MY FAMILY HAS BEEN blessed to live and work together on an estate that produces one of the world’s most joyful and magical elixirs. Life on a family vineyard has innumerable charms, and I could surely effuse to the point of reader nausea with smug Suzy Homemaker drivel about my latest fresh-from-the-garden creations. Don’t worry! This monthly column, “Recipes from Napa,” won’t be that kind of discourse — promise! You may hold onto your lunch, because I intend to tell you the straight truth about what goes on in my kitchen — the fresh, the frozen, the failures and everything in between.

Around the Table

Many Palmaz Vineyards guests ask some version of this understandable question: “How does the family all get along, working and living on the property together?” The answer gets to the core of the family-business dynamic. Our success has nothing to do with our pastoral location, or even the wine we produce.
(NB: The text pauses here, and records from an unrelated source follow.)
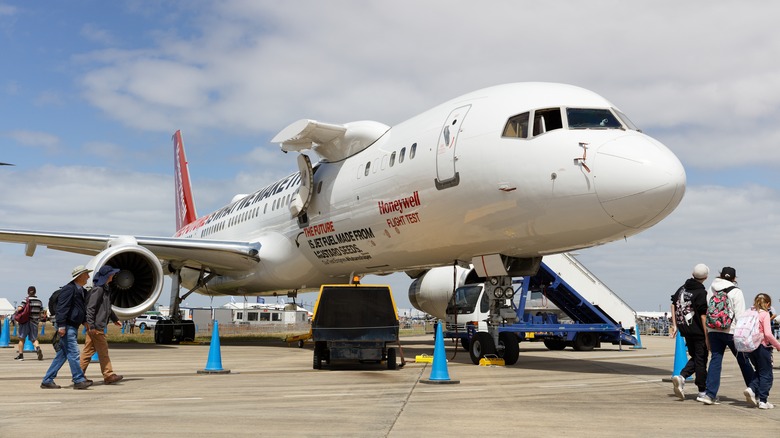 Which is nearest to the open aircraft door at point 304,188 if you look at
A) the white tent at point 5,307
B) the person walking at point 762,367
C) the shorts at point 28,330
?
the shorts at point 28,330

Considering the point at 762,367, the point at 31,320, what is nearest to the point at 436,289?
the point at 31,320

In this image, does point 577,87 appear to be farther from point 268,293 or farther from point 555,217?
point 268,293

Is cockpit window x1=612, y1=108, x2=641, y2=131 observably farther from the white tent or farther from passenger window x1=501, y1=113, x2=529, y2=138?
the white tent

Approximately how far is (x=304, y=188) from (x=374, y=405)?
9916 millimetres

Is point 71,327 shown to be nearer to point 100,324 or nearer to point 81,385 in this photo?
point 100,324

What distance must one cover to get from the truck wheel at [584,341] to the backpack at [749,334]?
1300 cm

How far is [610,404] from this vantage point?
7.81 metres

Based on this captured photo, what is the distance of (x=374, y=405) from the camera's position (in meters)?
7.52

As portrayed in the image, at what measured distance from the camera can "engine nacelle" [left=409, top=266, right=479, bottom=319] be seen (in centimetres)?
1869

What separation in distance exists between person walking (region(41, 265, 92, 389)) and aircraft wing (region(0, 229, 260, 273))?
895cm

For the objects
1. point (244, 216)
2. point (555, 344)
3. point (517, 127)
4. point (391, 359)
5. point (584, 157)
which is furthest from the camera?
point (244, 216)

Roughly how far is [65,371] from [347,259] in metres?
6.20

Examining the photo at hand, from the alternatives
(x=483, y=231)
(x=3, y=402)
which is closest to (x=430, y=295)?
(x=483, y=231)

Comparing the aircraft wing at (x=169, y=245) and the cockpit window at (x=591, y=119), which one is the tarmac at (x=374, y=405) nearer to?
the cockpit window at (x=591, y=119) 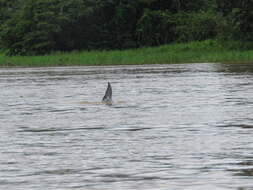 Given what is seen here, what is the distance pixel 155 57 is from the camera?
1849 inches

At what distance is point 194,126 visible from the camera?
12.9 meters

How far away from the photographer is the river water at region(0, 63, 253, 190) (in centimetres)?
827

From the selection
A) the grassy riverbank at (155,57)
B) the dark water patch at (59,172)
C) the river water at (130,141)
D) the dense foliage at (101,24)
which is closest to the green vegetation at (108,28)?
the dense foliage at (101,24)

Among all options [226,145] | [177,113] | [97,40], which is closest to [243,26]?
[97,40]

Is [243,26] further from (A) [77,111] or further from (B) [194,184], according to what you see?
(B) [194,184]

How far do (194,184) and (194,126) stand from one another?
16.7 ft

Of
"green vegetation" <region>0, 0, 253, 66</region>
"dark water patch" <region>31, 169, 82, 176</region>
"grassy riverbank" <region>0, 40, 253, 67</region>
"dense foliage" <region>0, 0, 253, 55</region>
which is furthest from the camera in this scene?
"dense foliage" <region>0, 0, 253, 55</region>

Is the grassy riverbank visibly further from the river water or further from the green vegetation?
the river water

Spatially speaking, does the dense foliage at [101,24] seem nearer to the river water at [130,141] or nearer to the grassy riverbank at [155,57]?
the grassy riverbank at [155,57]

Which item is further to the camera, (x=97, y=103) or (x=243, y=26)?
(x=243, y=26)

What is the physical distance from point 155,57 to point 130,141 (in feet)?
118

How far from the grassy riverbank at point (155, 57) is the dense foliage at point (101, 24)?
13.5 ft

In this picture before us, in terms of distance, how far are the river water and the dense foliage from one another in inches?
1424

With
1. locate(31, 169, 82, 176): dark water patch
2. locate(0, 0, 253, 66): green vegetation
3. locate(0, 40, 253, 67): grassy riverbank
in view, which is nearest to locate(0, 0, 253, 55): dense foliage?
locate(0, 0, 253, 66): green vegetation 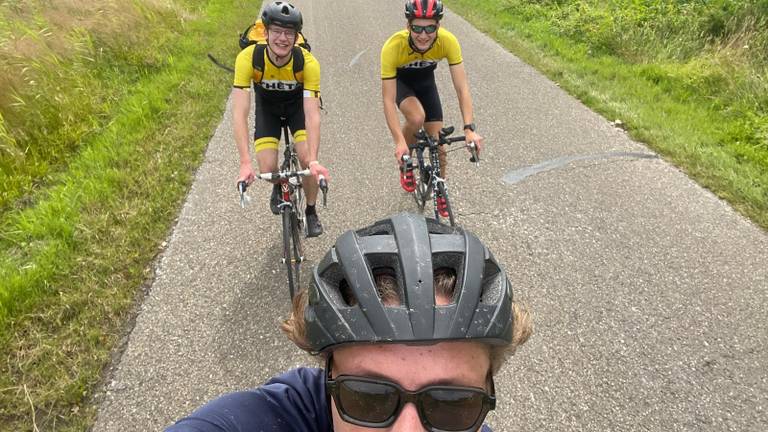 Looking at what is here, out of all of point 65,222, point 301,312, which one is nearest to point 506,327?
point 301,312

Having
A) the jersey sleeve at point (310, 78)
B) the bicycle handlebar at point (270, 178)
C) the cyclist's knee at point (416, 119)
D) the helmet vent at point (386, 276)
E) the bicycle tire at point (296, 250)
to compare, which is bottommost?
the bicycle tire at point (296, 250)

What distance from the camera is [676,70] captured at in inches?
299

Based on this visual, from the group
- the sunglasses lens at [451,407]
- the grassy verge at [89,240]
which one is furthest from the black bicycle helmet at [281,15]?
the sunglasses lens at [451,407]

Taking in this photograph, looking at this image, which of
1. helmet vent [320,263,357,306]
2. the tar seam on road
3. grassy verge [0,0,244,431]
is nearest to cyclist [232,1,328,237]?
grassy verge [0,0,244,431]

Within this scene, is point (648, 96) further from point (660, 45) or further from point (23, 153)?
point (23, 153)

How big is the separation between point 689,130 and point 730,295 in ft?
10.8

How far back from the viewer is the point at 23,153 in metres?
5.04

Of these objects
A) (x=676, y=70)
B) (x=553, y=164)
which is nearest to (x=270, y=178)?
(x=553, y=164)

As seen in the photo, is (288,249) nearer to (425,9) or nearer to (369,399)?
(425,9)

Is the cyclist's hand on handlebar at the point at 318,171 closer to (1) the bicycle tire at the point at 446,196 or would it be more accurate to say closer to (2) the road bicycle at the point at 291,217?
(2) the road bicycle at the point at 291,217

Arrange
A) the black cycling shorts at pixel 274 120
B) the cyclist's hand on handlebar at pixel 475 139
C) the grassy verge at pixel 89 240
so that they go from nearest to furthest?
the grassy verge at pixel 89 240
the cyclist's hand on handlebar at pixel 475 139
the black cycling shorts at pixel 274 120

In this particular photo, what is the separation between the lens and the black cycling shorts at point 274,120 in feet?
12.6

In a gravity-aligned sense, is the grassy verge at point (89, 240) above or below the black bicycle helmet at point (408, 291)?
below

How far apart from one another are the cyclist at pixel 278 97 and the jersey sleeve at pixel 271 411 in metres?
1.73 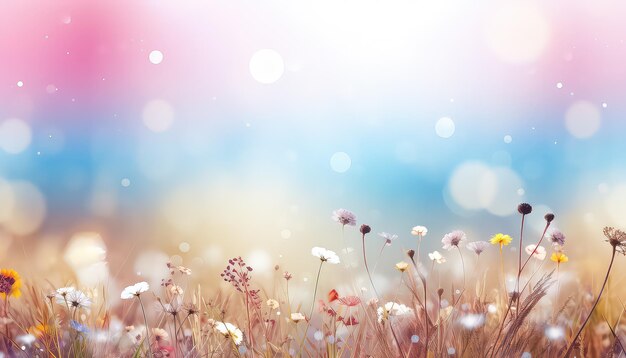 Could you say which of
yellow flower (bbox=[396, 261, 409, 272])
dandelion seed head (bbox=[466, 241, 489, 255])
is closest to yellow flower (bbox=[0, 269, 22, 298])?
yellow flower (bbox=[396, 261, 409, 272])

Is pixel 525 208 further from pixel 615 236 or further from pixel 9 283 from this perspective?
pixel 9 283

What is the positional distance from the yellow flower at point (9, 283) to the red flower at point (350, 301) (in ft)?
4.39

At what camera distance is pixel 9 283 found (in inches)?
96.0

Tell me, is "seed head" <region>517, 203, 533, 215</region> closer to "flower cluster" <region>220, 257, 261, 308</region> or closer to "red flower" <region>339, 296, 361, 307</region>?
"red flower" <region>339, 296, 361, 307</region>

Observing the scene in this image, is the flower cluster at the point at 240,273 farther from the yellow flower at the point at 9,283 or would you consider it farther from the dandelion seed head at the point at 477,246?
the dandelion seed head at the point at 477,246

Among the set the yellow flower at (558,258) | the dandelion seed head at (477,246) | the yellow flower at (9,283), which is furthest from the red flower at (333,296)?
the yellow flower at (9,283)

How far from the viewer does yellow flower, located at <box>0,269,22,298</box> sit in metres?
2.43

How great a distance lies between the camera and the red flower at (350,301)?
254cm

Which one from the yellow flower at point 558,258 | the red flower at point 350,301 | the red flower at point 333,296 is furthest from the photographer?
the yellow flower at point 558,258

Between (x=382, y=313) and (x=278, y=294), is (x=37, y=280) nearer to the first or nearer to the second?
(x=278, y=294)

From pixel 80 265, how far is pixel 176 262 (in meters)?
0.52

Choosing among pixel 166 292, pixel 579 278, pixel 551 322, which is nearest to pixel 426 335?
pixel 551 322

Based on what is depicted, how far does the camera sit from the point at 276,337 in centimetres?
274

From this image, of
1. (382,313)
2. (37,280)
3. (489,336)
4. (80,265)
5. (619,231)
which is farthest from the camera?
(80,265) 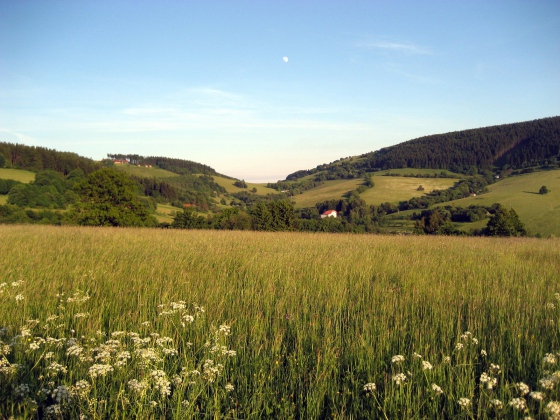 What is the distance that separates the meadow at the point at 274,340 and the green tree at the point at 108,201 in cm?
2698

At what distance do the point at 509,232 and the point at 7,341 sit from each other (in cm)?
3896

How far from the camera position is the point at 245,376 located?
2.76 meters

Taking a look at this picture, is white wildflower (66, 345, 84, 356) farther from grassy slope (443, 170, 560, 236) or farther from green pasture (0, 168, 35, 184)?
green pasture (0, 168, 35, 184)

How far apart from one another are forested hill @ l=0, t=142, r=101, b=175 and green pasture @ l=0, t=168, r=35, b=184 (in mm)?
3762

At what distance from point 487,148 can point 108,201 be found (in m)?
144

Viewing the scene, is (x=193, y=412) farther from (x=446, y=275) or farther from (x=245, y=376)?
(x=446, y=275)

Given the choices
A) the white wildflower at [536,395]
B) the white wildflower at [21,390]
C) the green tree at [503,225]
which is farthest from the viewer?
the green tree at [503,225]

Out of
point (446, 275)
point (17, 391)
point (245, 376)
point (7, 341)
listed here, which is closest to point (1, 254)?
point (7, 341)

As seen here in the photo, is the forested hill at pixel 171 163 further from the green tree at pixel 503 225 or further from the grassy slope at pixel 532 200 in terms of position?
the green tree at pixel 503 225

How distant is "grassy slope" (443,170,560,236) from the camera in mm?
60094

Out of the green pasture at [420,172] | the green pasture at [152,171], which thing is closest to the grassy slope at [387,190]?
the green pasture at [420,172]

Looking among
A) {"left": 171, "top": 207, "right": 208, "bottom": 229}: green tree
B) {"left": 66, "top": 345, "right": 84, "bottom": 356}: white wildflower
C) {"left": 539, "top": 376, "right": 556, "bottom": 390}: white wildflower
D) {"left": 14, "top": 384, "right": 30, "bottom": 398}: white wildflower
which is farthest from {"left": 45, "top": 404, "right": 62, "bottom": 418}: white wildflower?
{"left": 171, "top": 207, "right": 208, "bottom": 229}: green tree

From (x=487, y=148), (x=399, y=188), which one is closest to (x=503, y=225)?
(x=399, y=188)

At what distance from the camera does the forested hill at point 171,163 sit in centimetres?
14934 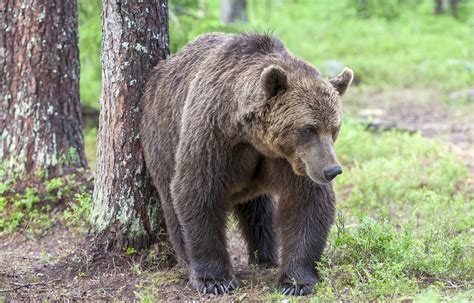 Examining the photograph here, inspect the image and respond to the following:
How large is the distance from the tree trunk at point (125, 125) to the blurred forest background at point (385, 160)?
299mm

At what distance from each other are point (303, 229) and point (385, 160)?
4.58 m

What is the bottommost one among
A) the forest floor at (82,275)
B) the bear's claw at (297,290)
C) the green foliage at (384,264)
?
the forest floor at (82,275)

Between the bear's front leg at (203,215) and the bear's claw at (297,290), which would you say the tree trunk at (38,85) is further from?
the bear's claw at (297,290)

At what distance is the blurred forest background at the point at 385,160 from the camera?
5.93m

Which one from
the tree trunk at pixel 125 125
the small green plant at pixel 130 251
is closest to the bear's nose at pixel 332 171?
the tree trunk at pixel 125 125

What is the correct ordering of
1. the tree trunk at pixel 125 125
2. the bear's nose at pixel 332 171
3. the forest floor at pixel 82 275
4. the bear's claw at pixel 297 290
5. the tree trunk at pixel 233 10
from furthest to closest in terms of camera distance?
1. the tree trunk at pixel 233 10
2. the tree trunk at pixel 125 125
3. the forest floor at pixel 82 275
4. the bear's claw at pixel 297 290
5. the bear's nose at pixel 332 171

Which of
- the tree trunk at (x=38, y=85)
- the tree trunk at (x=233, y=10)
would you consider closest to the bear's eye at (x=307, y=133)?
the tree trunk at (x=38, y=85)

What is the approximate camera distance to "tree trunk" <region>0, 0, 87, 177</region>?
7871 mm

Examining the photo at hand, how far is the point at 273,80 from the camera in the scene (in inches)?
214

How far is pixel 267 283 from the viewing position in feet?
20.8

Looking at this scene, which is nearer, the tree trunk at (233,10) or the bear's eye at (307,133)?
the bear's eye at (307,133)

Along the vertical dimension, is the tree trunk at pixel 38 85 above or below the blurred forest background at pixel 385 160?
above

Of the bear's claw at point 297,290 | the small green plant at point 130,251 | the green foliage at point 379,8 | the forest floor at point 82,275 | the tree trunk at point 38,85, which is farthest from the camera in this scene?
the green foliage at point 379,8

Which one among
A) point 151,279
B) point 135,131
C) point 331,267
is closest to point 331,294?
point 331,267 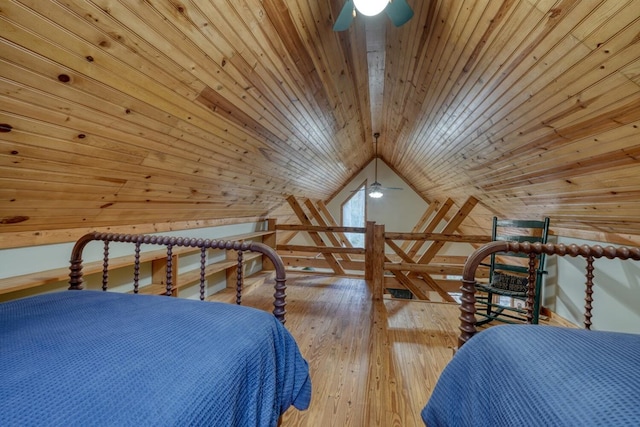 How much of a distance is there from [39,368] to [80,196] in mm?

Instead, it can be linked to something simple, something every home has: the dinner table.

Every day at noon, and at least five times a week for dinner, the entire family gathers at a table. It’s often noisy and frequently messy (thanks to the presence of small children and dogs), but it’s where we give updates, develop strategy and resolve conflicts. It’s also, naturally, the occasion for much laughter and the sharing of great wine.

The fact that so much of my life centers on this table is behind my having learned to cook. When the family is happy with the meal, conversation is smoother. Similarly, when visitors enjoy a particular hors d’oeuvre, it enhances their appreciation of the wine. At the table, the food modulates the mood.

With every installment of this column, I’ll share with you how the Palmaz family gathers around the table. With each forkful, we grow increasingly close to one another and to our guests. Try it at home — whether the meal is farm-fresh, frozen or a failure, I guarantee you’ll be a little closer too by the time it’s over.